Future Perfect Tense

As I’m sure you remember from 8th-grade grammar, the English future perfect tense is characterized by the use of  the phrase “will have.” For example, by this time next year I will have learned to live more simply and shed unnecessary distractions from my life.

This grammatical phrase also serves as a pretty good description of where I stand in my life right now. I want my future to be more perfect because right now I’m too damn tense. All (alleged) humor aside, perfection is a tough goal to reach. Striving for perfection with an improper mindset can actually increase your stress. I have more work to do and more obligations to satisfy at home so I have to sleep less and do more to make everyone happy. I’ve tried that approach for going on three years now, and the only thing it accomplishes is the accelerated graying of my hair.

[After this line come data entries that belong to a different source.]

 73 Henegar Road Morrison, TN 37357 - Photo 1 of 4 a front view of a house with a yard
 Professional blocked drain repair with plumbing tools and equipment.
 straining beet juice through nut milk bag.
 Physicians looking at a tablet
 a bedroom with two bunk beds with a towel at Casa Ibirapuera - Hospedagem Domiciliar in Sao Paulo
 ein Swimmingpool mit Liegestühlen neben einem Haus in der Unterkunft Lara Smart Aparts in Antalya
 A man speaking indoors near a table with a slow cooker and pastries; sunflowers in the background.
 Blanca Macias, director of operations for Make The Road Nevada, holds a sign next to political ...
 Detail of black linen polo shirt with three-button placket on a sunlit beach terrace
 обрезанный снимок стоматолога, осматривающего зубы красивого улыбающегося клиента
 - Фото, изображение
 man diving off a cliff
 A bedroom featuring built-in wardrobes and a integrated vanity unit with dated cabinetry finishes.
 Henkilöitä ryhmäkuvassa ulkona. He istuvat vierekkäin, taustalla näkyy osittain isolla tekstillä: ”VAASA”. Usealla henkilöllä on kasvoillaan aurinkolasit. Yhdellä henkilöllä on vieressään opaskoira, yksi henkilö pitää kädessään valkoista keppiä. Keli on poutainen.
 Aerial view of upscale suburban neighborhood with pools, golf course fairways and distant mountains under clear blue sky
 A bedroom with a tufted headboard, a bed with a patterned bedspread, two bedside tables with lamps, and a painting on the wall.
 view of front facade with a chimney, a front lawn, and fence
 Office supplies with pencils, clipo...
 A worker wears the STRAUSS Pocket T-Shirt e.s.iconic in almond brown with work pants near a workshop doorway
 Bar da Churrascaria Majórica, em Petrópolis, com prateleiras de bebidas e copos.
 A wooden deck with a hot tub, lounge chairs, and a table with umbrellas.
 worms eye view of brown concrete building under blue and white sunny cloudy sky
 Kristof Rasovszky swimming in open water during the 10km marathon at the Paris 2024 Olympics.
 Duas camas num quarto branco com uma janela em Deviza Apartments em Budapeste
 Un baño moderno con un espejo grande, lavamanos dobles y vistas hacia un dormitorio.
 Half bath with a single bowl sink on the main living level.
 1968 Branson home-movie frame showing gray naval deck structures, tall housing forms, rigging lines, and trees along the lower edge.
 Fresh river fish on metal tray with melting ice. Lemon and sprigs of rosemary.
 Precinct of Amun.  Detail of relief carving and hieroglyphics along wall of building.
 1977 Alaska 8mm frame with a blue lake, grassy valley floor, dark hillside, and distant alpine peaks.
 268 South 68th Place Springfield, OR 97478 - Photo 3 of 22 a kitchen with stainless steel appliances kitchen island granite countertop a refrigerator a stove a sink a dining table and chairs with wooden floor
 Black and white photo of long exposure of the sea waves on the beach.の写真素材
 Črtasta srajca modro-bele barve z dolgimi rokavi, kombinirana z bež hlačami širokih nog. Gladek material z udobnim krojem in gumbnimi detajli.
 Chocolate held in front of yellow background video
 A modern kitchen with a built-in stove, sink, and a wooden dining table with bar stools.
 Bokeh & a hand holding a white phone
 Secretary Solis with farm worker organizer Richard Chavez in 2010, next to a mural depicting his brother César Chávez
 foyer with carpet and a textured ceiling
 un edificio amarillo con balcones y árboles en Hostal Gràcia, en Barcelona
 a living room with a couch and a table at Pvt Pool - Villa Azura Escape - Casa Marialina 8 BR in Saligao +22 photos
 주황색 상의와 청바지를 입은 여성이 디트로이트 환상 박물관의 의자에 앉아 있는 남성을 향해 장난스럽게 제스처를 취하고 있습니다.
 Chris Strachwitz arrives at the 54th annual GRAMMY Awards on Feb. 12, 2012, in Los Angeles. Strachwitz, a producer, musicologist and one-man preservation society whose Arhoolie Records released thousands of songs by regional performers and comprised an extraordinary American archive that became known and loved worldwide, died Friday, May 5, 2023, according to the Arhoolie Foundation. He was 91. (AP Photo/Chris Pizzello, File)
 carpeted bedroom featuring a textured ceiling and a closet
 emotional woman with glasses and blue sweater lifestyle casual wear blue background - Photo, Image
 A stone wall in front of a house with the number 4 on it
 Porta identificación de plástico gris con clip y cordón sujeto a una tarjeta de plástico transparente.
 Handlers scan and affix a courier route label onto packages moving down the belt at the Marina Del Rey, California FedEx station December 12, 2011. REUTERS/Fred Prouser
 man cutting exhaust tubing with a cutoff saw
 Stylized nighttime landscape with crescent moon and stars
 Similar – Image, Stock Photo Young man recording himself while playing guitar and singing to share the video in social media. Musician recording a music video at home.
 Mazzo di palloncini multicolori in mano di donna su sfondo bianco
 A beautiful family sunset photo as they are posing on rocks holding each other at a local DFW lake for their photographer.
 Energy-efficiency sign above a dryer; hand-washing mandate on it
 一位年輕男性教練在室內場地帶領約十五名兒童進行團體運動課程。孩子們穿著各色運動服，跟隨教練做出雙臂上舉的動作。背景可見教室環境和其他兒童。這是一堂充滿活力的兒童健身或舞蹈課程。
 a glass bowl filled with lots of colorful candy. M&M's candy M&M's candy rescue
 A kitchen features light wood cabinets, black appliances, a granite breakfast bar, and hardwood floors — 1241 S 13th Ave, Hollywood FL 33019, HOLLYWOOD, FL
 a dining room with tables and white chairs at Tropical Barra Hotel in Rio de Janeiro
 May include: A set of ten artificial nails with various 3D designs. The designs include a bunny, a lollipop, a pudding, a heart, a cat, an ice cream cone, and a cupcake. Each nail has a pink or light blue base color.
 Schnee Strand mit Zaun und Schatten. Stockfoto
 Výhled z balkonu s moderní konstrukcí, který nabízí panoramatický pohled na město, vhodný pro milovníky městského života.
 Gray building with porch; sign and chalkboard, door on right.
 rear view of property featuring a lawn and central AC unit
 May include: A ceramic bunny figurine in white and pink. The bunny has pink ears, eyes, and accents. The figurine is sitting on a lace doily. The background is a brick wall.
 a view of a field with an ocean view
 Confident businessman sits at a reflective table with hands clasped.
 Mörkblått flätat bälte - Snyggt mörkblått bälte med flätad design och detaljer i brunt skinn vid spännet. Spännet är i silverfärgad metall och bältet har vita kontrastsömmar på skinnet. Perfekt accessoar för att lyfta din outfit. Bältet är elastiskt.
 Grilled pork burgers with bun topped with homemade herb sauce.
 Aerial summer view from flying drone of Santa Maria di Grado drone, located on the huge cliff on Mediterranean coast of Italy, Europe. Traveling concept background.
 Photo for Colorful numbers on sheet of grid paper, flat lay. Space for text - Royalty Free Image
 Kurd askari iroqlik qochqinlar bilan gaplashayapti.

When the quest for perfection fails, the only thing left is steady, continuous improvement. At almost 38 years old, I have so many areas to improve, but I can address most with the following six activities.

  • Sleep regularly
  • Eat better
  • Exercise often
  • Write more
  • Spend more time with my family and friends
  • Simplify wherever possible

Nothing on this list seems all that difficult to accomplish, and yet I find myself sleep-deprived, out-of-shape, junk-food-fueled, overworked, undersocialized and generally stressed about the complexity of my life.

Work spills into home life often at the expense of regular sleep. Staying up late with my wife after the kids go to bed and waking up late because I’m not well-rested the next day keeps me too tired to exercise. Who really wants to eat better when there’s tasty restaurant food and snacks and desserts and drinks to be had at home and the office? I haven’t seen many of my closest friends in months. School, work and weekend activities work in concert to steal away the daysweeksyears we had planned for backyard barbecues and weekend football watch parties.

During times of great stress, I wonder just how I’ll affect something with this much momentum. It’s too big, too much and too overwhelming for me to fix.

The biggest revolution and the tiniest kindness all happen in exactly the same way — one step at a time. My path should be no different.